**What you will do**: Pull every line containing "Package" from the data.

[Recorded data Boundary: Start]

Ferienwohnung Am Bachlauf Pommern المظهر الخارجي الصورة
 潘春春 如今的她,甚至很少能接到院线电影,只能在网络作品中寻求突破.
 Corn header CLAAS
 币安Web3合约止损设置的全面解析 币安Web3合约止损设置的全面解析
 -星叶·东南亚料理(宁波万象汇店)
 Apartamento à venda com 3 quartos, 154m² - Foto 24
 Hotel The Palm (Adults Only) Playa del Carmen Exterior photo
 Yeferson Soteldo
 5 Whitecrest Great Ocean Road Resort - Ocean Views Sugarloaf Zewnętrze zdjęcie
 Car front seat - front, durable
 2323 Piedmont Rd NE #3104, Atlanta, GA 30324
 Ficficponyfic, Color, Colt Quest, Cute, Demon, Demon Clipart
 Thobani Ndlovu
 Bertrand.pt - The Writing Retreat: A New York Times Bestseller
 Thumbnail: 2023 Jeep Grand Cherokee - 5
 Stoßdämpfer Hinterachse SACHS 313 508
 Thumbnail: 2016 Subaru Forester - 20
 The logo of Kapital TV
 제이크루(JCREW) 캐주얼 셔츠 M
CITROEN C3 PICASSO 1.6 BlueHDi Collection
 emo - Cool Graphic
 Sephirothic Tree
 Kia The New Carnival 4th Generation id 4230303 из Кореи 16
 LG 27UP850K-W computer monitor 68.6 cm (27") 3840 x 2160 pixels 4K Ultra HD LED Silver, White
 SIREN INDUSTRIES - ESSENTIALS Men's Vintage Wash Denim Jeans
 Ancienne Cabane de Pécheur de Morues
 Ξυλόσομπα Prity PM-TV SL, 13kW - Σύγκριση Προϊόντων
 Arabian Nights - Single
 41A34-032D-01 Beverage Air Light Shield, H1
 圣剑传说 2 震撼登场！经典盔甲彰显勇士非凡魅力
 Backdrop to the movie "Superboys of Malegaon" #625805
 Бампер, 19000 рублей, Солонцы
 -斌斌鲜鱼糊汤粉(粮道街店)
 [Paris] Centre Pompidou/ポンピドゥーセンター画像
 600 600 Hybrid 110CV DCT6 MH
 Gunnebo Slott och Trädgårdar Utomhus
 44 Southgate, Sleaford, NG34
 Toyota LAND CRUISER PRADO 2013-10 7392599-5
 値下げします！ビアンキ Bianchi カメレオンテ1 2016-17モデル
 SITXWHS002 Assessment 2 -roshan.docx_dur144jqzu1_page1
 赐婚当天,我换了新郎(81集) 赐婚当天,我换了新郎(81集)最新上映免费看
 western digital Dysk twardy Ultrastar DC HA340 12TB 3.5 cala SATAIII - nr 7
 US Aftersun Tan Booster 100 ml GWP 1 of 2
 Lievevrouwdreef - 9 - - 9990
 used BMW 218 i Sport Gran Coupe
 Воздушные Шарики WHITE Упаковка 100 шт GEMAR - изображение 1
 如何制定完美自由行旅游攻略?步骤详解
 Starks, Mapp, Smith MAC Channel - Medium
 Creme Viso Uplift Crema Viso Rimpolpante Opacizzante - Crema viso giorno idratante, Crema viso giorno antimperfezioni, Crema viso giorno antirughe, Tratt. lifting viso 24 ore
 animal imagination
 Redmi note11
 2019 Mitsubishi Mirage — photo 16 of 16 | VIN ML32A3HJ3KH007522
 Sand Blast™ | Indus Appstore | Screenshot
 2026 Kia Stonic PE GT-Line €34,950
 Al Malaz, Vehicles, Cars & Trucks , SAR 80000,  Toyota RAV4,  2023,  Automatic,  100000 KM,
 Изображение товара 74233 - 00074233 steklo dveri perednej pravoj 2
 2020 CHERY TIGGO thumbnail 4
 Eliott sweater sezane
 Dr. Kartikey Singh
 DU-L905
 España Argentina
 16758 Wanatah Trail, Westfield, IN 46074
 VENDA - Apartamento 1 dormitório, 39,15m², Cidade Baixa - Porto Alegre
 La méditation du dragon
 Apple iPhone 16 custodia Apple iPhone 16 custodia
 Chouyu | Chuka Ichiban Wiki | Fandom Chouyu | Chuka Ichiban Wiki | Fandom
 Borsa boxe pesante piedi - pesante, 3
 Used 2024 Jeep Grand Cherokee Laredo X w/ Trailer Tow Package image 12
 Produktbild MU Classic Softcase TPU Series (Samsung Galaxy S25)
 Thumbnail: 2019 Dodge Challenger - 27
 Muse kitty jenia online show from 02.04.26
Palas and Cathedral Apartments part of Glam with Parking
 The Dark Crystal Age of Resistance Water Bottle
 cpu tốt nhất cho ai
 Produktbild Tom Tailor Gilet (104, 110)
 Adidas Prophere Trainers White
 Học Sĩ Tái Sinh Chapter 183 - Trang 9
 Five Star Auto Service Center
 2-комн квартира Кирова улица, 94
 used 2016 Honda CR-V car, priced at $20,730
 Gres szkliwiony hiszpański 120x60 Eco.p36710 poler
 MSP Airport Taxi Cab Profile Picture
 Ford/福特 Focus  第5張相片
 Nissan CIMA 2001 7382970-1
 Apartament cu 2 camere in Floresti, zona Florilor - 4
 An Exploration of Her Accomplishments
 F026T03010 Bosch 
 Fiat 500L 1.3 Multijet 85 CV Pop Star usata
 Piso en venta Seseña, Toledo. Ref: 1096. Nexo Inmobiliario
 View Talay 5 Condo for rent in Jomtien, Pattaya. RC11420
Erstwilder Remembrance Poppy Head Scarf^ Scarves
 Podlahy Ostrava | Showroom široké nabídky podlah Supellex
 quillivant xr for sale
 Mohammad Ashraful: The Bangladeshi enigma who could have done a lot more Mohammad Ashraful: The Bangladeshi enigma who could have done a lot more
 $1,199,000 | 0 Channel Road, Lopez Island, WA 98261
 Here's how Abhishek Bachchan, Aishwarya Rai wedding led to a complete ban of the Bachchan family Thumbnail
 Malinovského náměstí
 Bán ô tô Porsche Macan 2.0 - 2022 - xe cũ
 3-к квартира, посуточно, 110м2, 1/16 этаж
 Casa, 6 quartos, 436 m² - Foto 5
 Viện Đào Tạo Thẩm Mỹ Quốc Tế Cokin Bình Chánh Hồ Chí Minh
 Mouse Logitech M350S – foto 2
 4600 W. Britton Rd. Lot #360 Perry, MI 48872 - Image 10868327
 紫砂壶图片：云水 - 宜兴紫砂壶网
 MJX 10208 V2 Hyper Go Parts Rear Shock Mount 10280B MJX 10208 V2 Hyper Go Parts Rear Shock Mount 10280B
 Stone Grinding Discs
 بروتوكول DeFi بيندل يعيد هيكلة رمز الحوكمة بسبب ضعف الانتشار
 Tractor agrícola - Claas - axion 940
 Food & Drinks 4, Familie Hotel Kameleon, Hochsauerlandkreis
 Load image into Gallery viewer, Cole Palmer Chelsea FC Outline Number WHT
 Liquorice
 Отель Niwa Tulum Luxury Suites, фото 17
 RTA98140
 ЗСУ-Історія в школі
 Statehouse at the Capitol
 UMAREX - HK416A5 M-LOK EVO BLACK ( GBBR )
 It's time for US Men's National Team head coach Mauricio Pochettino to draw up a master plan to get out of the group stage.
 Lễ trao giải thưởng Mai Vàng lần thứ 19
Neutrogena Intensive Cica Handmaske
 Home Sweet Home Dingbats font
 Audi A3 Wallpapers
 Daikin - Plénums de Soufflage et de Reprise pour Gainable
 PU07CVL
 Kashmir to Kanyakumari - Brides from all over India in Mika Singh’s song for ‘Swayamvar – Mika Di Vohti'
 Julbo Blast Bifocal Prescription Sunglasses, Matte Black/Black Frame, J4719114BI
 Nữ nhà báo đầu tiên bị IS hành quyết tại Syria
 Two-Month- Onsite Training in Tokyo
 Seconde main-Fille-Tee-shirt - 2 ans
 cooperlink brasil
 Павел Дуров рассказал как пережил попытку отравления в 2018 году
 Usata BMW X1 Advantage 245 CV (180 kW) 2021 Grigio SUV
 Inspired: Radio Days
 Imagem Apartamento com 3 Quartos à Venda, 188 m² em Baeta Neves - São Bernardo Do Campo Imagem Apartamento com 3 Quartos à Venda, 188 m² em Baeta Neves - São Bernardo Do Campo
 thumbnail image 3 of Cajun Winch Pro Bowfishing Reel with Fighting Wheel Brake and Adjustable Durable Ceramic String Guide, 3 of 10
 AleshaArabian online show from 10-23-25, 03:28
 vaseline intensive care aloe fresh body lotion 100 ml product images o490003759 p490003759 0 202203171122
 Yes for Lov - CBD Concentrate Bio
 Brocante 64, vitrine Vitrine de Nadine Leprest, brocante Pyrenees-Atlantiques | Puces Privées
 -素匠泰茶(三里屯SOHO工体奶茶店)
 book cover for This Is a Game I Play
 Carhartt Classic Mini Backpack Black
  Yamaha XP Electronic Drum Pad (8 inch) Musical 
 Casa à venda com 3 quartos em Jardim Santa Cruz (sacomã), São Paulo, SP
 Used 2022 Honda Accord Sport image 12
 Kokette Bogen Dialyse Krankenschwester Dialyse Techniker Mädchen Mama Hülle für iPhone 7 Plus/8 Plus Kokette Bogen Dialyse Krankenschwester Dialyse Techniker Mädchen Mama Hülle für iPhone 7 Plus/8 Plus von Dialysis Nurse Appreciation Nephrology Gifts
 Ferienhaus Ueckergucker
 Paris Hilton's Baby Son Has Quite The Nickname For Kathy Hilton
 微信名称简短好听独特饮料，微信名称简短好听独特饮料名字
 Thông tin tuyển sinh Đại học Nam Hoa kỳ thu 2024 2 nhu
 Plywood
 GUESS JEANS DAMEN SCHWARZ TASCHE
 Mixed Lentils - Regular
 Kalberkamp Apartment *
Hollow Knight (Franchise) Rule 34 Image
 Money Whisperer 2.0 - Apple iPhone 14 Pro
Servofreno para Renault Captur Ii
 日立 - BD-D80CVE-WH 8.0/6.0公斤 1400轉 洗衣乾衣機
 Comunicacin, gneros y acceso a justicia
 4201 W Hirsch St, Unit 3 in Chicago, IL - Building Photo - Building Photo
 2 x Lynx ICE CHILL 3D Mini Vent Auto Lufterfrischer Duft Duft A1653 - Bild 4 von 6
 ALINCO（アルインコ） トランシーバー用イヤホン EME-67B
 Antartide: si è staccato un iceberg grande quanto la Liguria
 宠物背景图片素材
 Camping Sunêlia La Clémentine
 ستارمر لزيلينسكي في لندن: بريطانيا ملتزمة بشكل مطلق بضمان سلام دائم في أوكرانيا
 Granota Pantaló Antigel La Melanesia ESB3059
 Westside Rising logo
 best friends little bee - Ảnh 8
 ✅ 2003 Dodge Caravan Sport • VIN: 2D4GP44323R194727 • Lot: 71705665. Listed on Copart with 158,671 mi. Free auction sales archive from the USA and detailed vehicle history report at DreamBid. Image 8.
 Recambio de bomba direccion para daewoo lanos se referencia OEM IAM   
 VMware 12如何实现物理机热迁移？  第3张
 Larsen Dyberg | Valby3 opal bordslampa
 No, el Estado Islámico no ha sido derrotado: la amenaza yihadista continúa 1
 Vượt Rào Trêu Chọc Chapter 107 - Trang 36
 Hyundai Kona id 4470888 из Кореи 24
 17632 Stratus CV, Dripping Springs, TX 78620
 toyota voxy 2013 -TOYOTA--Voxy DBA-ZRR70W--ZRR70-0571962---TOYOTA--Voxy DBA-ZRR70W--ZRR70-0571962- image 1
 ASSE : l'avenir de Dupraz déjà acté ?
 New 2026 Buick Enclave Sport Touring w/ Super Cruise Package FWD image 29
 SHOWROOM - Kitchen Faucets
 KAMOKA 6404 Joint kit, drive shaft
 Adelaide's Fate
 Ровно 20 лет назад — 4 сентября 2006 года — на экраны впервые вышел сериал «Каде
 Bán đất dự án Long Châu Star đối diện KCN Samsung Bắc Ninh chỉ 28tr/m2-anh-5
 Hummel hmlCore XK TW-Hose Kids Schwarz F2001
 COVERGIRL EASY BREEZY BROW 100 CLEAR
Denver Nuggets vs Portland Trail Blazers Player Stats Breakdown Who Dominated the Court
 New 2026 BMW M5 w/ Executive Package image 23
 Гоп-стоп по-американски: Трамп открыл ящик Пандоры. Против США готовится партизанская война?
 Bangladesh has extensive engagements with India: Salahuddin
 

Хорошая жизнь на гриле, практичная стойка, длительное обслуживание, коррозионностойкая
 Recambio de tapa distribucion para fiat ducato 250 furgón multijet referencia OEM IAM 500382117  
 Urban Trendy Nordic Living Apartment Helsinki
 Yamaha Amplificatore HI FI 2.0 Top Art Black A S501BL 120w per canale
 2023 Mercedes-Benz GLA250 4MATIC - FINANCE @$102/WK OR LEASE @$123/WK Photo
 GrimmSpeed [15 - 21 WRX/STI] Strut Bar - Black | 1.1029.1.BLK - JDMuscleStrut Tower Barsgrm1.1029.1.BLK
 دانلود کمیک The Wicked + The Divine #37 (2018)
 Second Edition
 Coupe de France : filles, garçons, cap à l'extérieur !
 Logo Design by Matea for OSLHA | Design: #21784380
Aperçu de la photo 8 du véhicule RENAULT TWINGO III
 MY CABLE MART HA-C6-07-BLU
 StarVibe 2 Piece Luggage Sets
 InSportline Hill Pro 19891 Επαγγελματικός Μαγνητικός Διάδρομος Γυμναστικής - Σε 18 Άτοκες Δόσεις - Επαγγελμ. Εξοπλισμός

[Recorded data Boundary: End]

**Task result**:
 Used 2024 Jeep Grand Cherokee Laredo X w/ Trailer Tow Package image 12
 New 2026 Buick Enclave Sport Touring w/ Super Cruise Package FWD image 29
 New 2026 BMW M5 w/ Executive Package image 23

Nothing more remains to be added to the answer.